Let's play our music!【うた☆プリ】
第19章 転機
震える手でペンを手に取る。
目の前に置かれたままの退学届を見据えて、そっとペン先を近づけるものの、その先にはなかなか進めない。
「……」
もし学園をやめたら。
頭をよぎるのは、短い間とはいえ共に学んできた仲間たち。
彼らには2度と会えないだろう。
それは寂しいし、辛い。
特に…神宮寺さんと。
「…」
その時、ある記憶が蘇った。
『大切なルールがある、これを守らなければ退学だ。
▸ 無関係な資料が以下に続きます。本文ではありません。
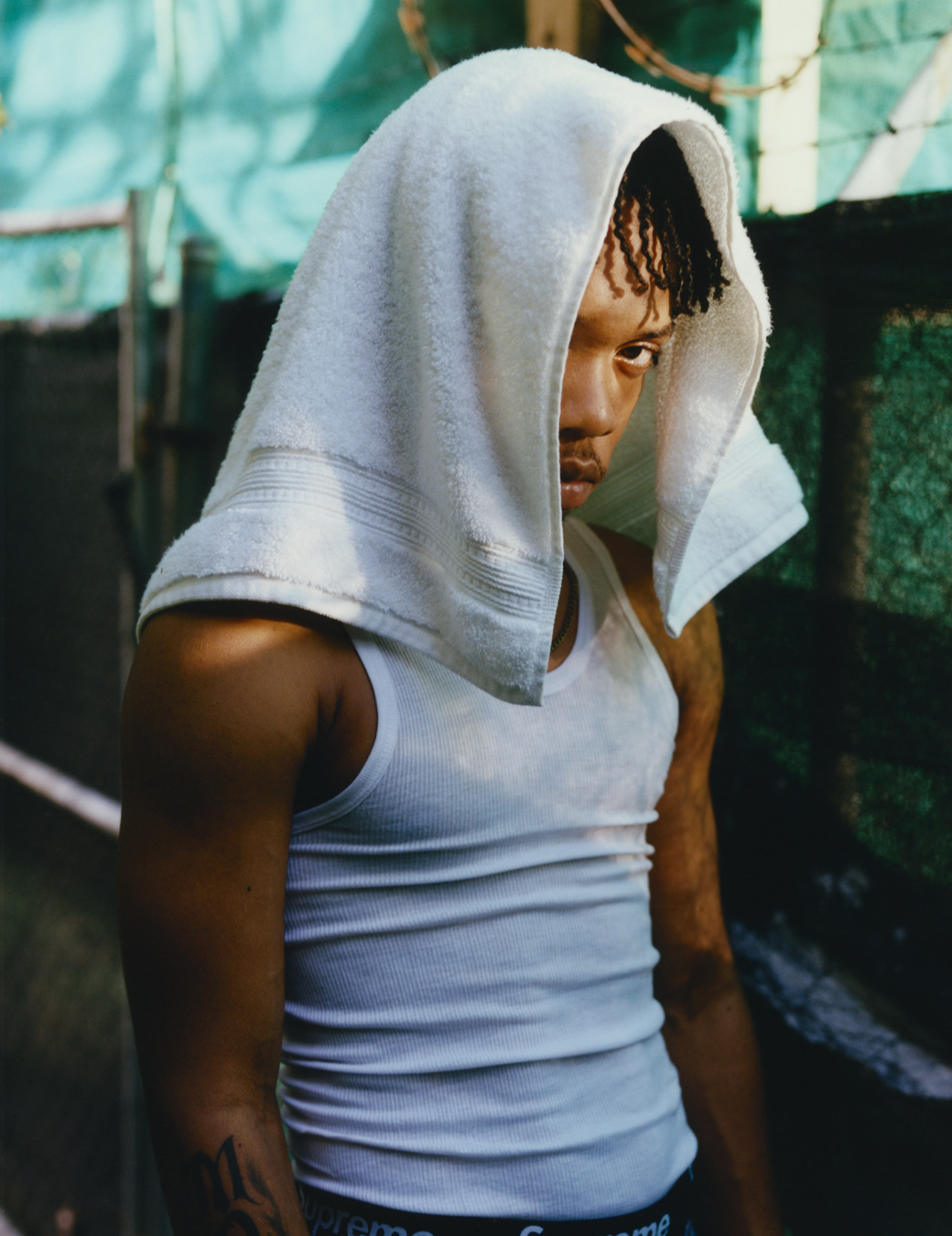 Bayka in a vest with a towel on his head photographed by Jeano Edwards for i-D’s The Royalty Issue, no. 370, Winter 2022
それは…』
恋愛絶対禁止令。
なんだ、そうか。
私は既にここにいる資格なんて持ってなかったんだ。
いつの間にか手の震えは収まっていた。
さっきまでの躊躇が嘘のようにペンが動き、白い紙に自分の名が記される。
「…今まで、ありがとうございました」
「やけに突然納得したようだが、何かあったか?」
「いえ…自分には既にここにいる資格がないことを思い出しただけです」
「そうか…」
不思議と涙は流れなかった。
穏やかに、ゆるやかに、胸を悲しみが満たしていく。
さよなら、皆。
さようなら…レン。
あなたに恋したことに後悔はないけれど、禁止令を破った以上私はここにいられない。
そうやって、自分を納得させることにした。
深々と学園長に頭を下げ、部屋を出ようとする。
「まだyouには話がありマース!!」
「へ?」
それを止めたのは、口調が戻った学園長。
「あなたの夢はまだ終わってないわよ、」
そしてまさに私が出ようとした扉を開けて部屋に入ってきた麗奈だった。